The firm was working on the controversial Project Maven program - an artificial intelligence (AI) project that analyses imagery and could be used to enhance the efficiency of drone strikes. Google pledges to not work on weapons after Project Maven backlash Google'ditches contract with US military' after employee revolt Google collected personal data about iPhone users, High Court hears Google quietly removes'don't be evil' preface from code of conduct Google'ditches contract with US military' after employee revolt Google quietly removes'don't be evil' preface from code of conduct This week the tech giant's chief executive Sundar Pichai responded by unveiling his company's "concrete standards" surrounding AI. However, some have suggested that the AI Principles, appear more porous than Mr Pichai's language would seem to suggest. Mr Pichai begins by prefacing the seven-point list of "objectives for AI applications" by saying it is by no means fixed or solid. "We acknowledge that this area is dynamic and evolving," he says, adding that whatever principles are included are subject to change due to the company's "willingness to adapt" its approach.

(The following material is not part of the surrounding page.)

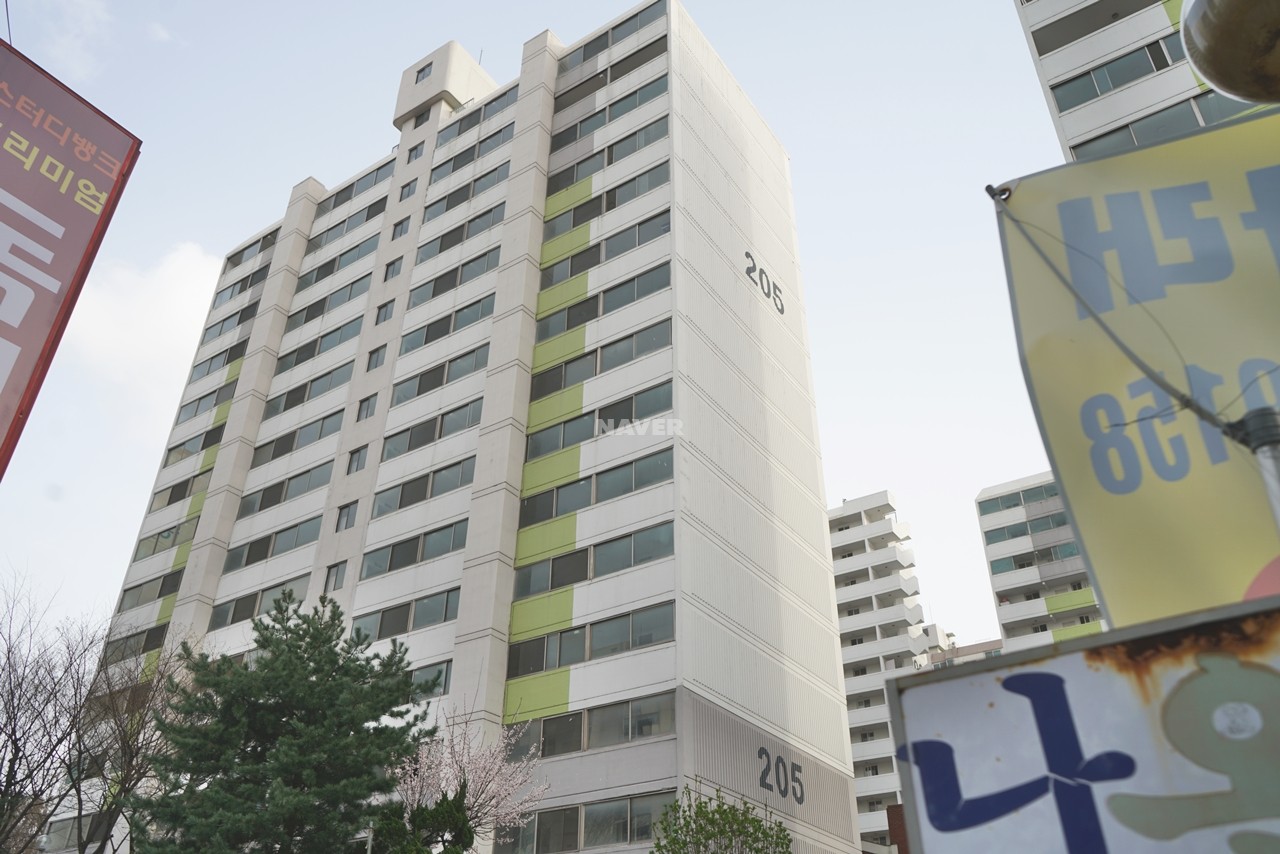 Building entrance with signage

Google won't develop AI weapons, announces new ethical strategy Internet of Business

#artificialintelligence

Google has unveiled a set of principles for ethical AI development and deployment, and announced that it will not allow its AI software to be used in weapons or for "unreasonable surveillance". In a detailed blog post, CEO Sundar Pichai said that Google would not develop technologies that cause, or are likely to cause, harm. "Where there is a material risk of harm, we will proceed only where we believe that the benefits substantially outweigh the risks, and will incorporate appropriate safety constraints," he explained. Google will not allow its technologies to be used in weapons or in "other technologies whose principal purpose or implementation is to cause or directly facilitate injury to people", he said. Also on the no-go list are "technologies that gather or use information for surveillance, violating internationally accepted norms", and those "whose purpose contravenes widely accepted principles of international law and human rights". The move follows widespread internal and external criticism of Google's involvement in Project Maven, the Pentagon's aerial battlefield intelligence programme, which some saw as a step towards the weaponisation of AI.

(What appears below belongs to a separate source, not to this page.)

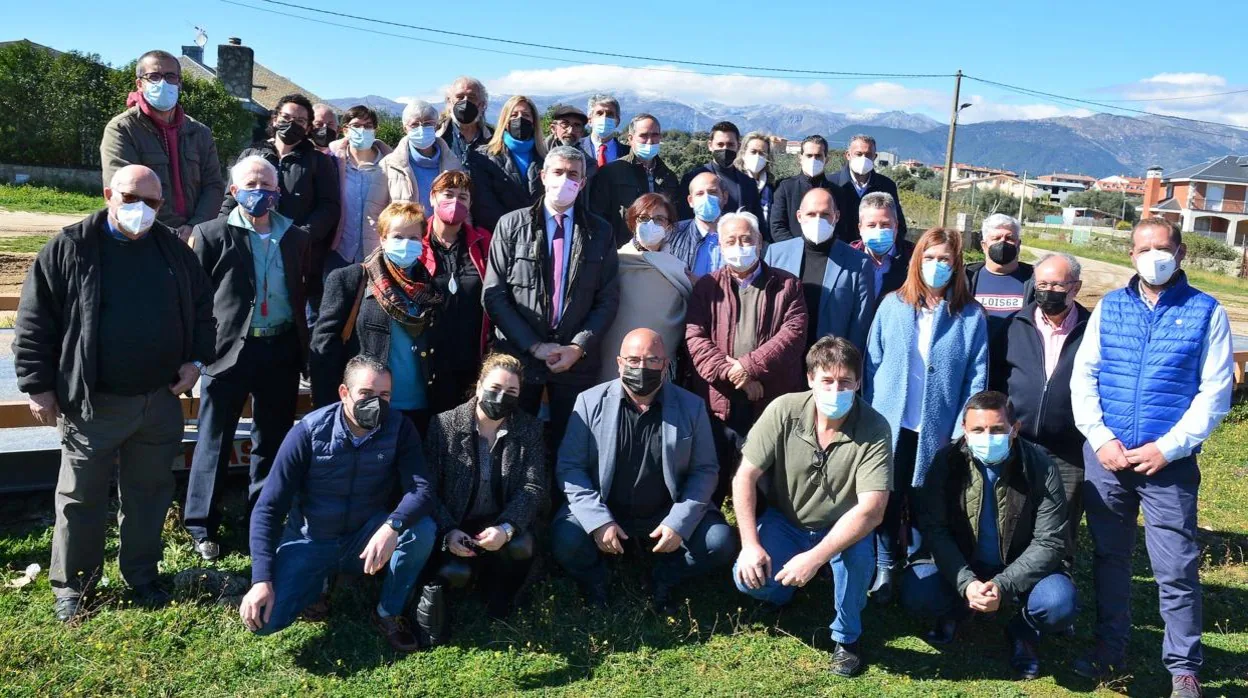 Gutiérrez con alcaldes y concejales socialistas de la Sierra de San Vicente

Why Does Artificial Intelligence Scare Us So Much?

#artificialintelligence

When people see machines that respond like humans, or computers that perform feats of strategy and cognition mimicking human ingenuity, they sometimes joke about a future in which humanity will need to accept robot overlords. But buried in the joke is a seed of unease. Science-fiction writing and popular movies, from "2001: A Space Odyssey" (1968) to "Avengers: Age of Ultron" (2015), have speculated about artificial intelligence (AI) that exceeds the expectations of its creators and escapes their control, eventually outcompeting and enslaving humans or targeting them for extinction. Conflict between humans and AI is front and center in AMC's sci-fi series "Humans," which returned for its third season on Tuesday (June 5). In the new episodes, conscious synthetic humans face hostile people who treat them with suspicion, fear and hatred.